Work task:
Retype only the lines from the top of the records to the line with "How to clean golf clubs", including that line but none of the pictures.

Image-text web data:
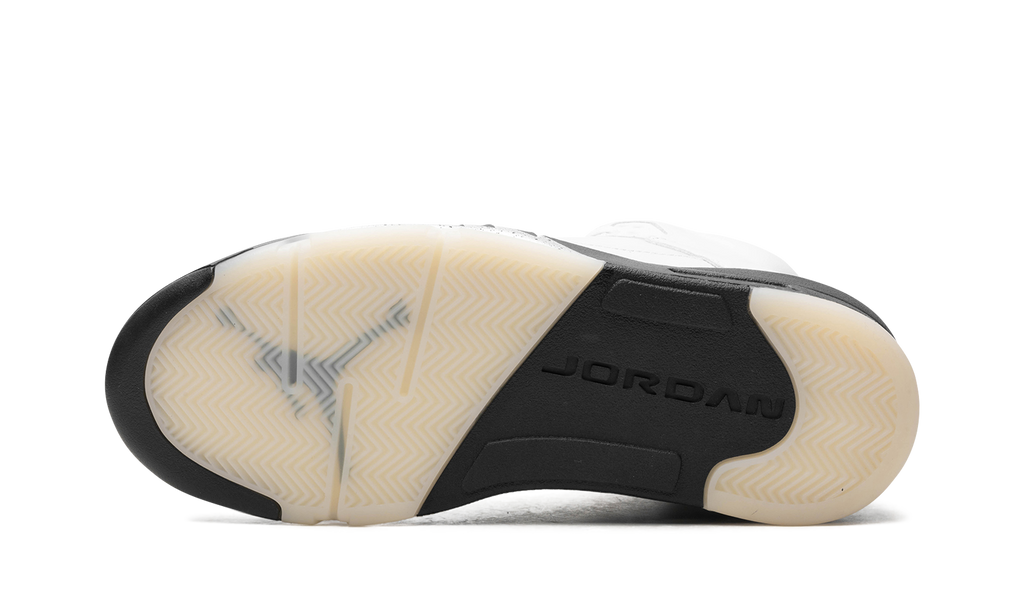 Air Jordan 5 "White/Black" DD0587 110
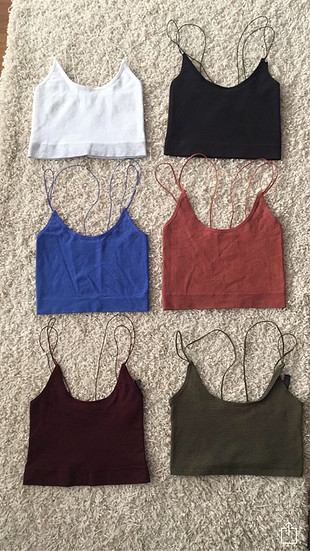 Urban Outfitters Siyah büstiyer tayt bedenler mevcut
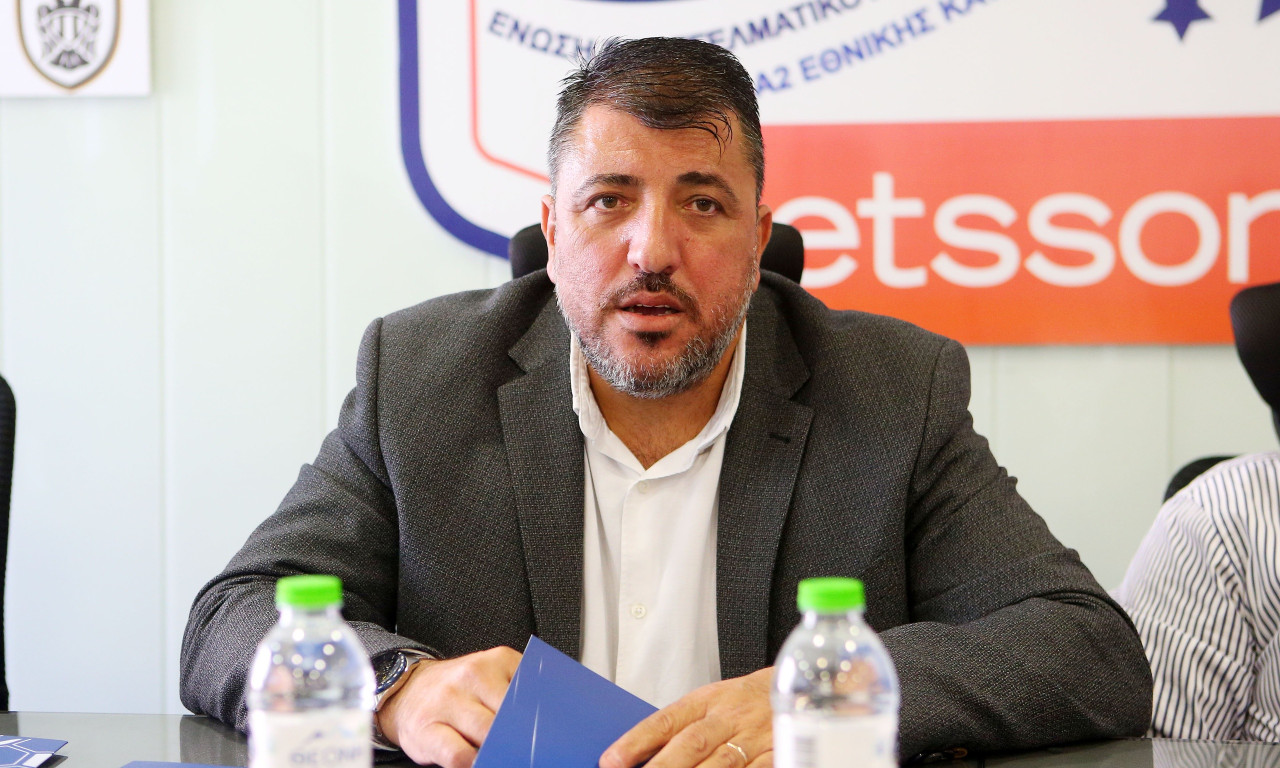 Λεουτσάκος: «Να πάρει θέση και μέτρα ο Μπαλτάκος – Πλήττεται η αξιοπιστία της SL2»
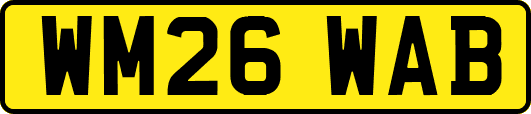 WM26WAB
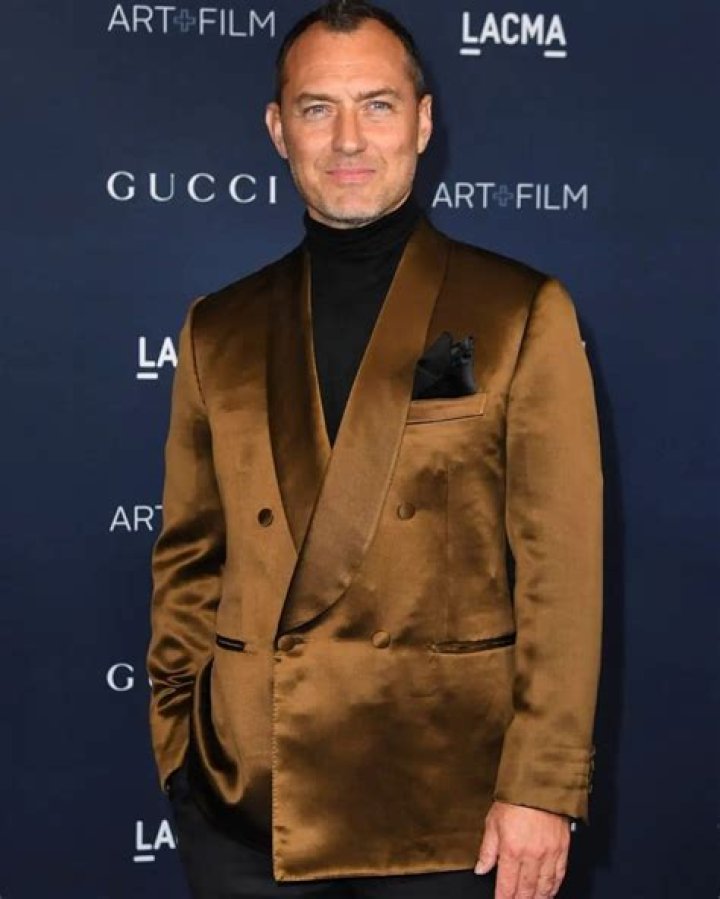 Jude Law Net Worth, Age, Height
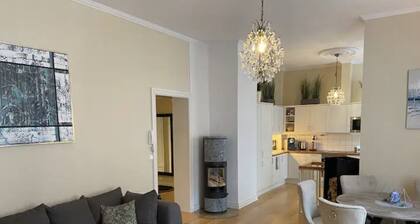 Spacious and Charming 3-bedroom apartment in delightful Vestfold og Telemark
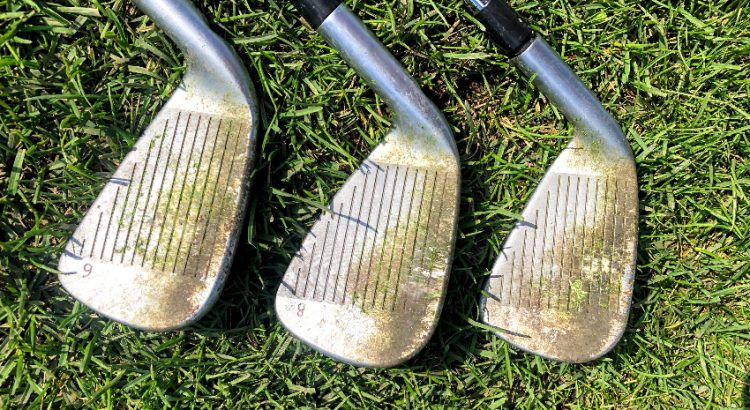 How to clean golf clubs
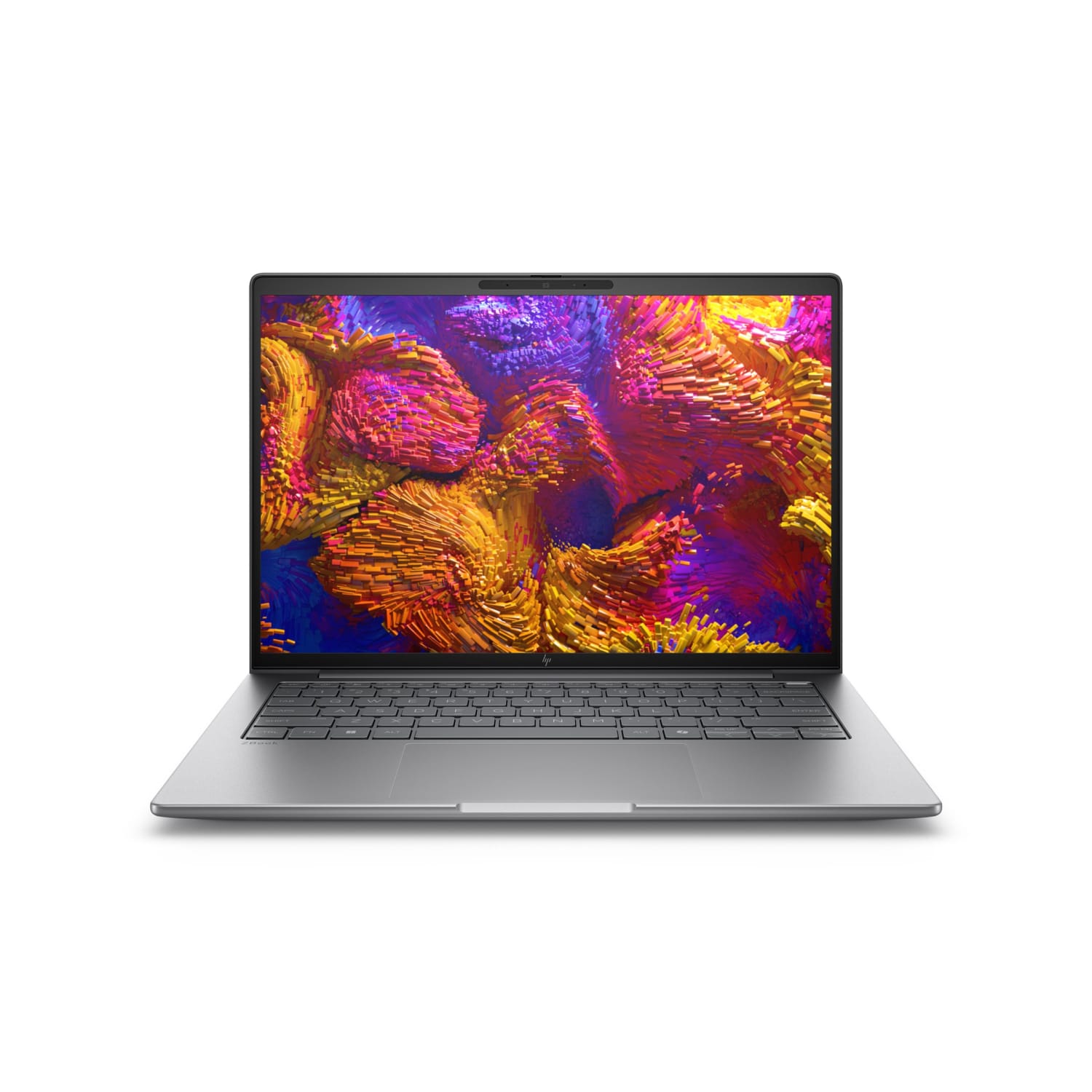 HP ZBook 8 G1as 14in Touchscreen Copilot+ PC Mobile Workstation, WUXGA, AMD Ryzen AI 9 HX PRO 375, 32 GB, 512 GB SSD, Meteor Silver, BZ7K8UTABA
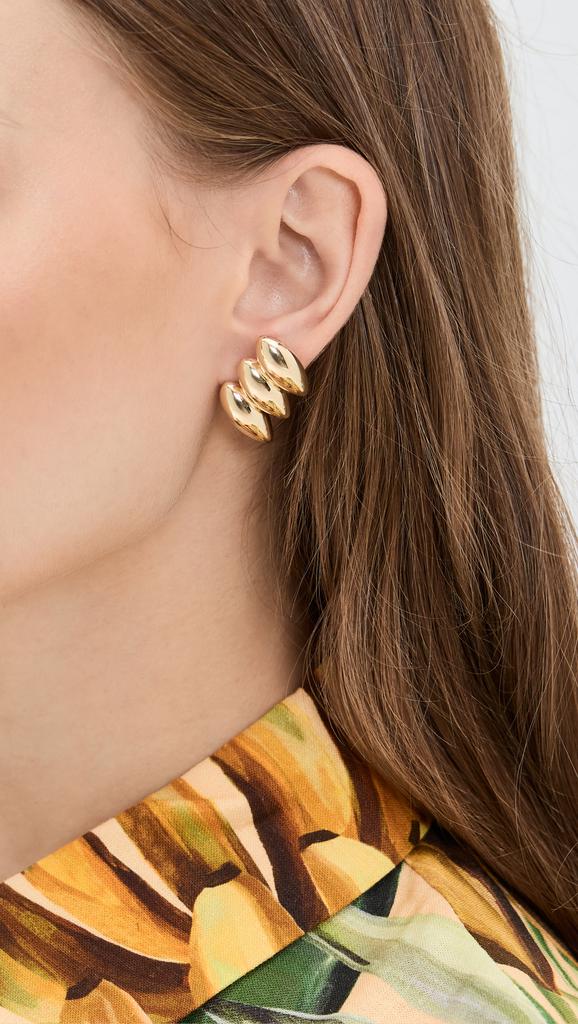 Jennifer Zeuner Doma Earrings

Final answer:
 Air Jordan 5 "White/Black" DD0587 110
 Urban Outfitters Siyah büstiyer tayt bedenler mevcut
 Λεουτσάκος: «Να πάρει θέση και μέτρα ο Μπαλτάκος – Πλήττεται η αξιοπιστία της SL2»
 WM26WAB
 Jude Law Net Worth, Age, Height
 Spacious and Charming 3-bedroom apartment in delightful Vestfold og Telemark
 How to clean golf clubs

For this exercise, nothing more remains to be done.